To calculate this using the evaluate library, you must provide the full text sequences containing both the prompt and the expected response. The metric will pass these sequences through the model to compute the log probabilities.

# Combine prompt and response into full sequences
full_texts = [f"{p} {r}" for p, r in zip(dataset["prompt"], dataset["response"])]

ppl_results = perplexity.compute(
    model_id=model_path,
    add_start_token=False,
    predictions=full_texts
)
print("Mean Perplexity:", ppl_results["mean_perplexity"])

Interpreting Evaluation Metrics

Once the evaluation script finishes execution, you will receive numerical values for ROUGE and perplexity. A lower perplexity score indicates that the model is more confident in predicting the reference dataset. A higher ROUGE score indicates better overlap between the generated text and the reference text.

Expected improvement in ROUGE metrics after completing the fine-tuning process compared to the base model.
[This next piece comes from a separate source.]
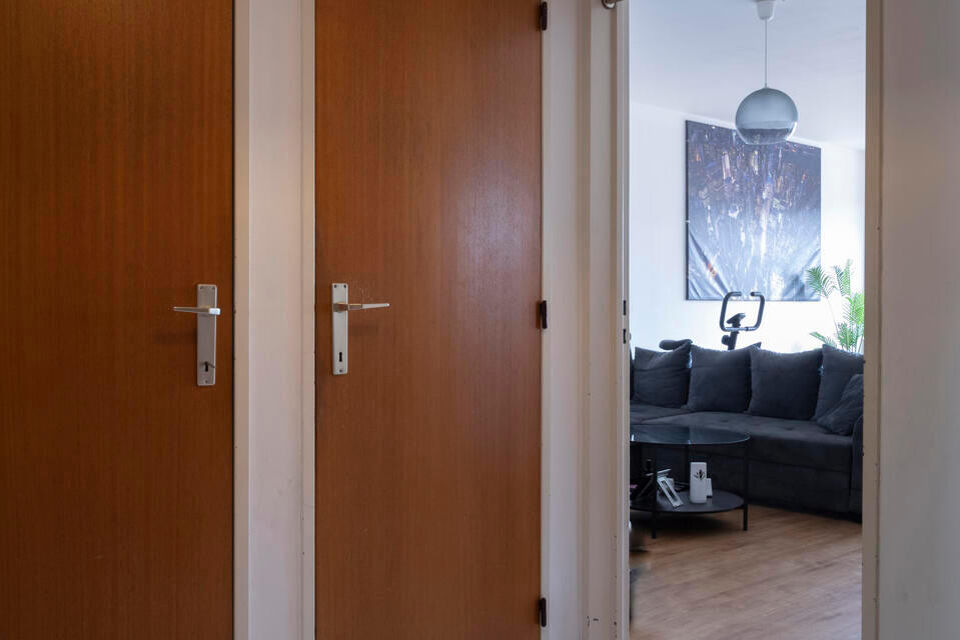 Dit appartement is gelegen op de derde verdieping zonder lift.

Indeling: inkomhal; vestiairekast; apart toilet; ingerichte badkamer; 2 slaapkamers waarvan 1 toegang geeft naar het achterliggend terras; woonkamer; deels ge&iuml;nstalleerde keuken met berging.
By saving these scripts, you establish a repeatable baseline. If you decide to adjust training hyperparameters, change your LoRA rank configuration, or increase your dataset size, you can rerun this exact script to verify whether those changes resulted in a measurable improvement.

References

Evaluate Documentation, Hugging Face, 2024 - Official documentation for the Hugging Face library used in the practical script for calculating metrics.
ROUGE: A Package for Automatic Evaluation of Summaries, Chin-Yew Lin, 2004 Text Summarization Branches Out (Association for Computational Linguistics) - The foundational paper introducing the ROUGE metric suite for automated evaluation of text generation.
Speech and Language Processing, Daniel Jurafsky, James H. Martin, 2026 (Pearson) - A comprehensive textbook section explaining the mathematical foundations of language modeling and perplexity (3rd Edition Draft).
A Survey on Evaluation of Large Language Models, Yupeng Chang, Xu Wang, Jindong Wang, Yuan Wu, Linyi Yang, Kaijie Zhu, Hao Chen, Xiaoyuan Yi, Cunxiang Wang, Yidong Wang, Wei Ye, Yue Zhang, Yi Chang, Philip S. Yu, Qiang Yang, Xing Xie, 2024 ACM Transactions on Intelligent Systems and Technology, Vol. 15 (ACM) DOI: 10.1145/3641289 - A recent overview of methodologies and benchmarks for assessing the performance of language models.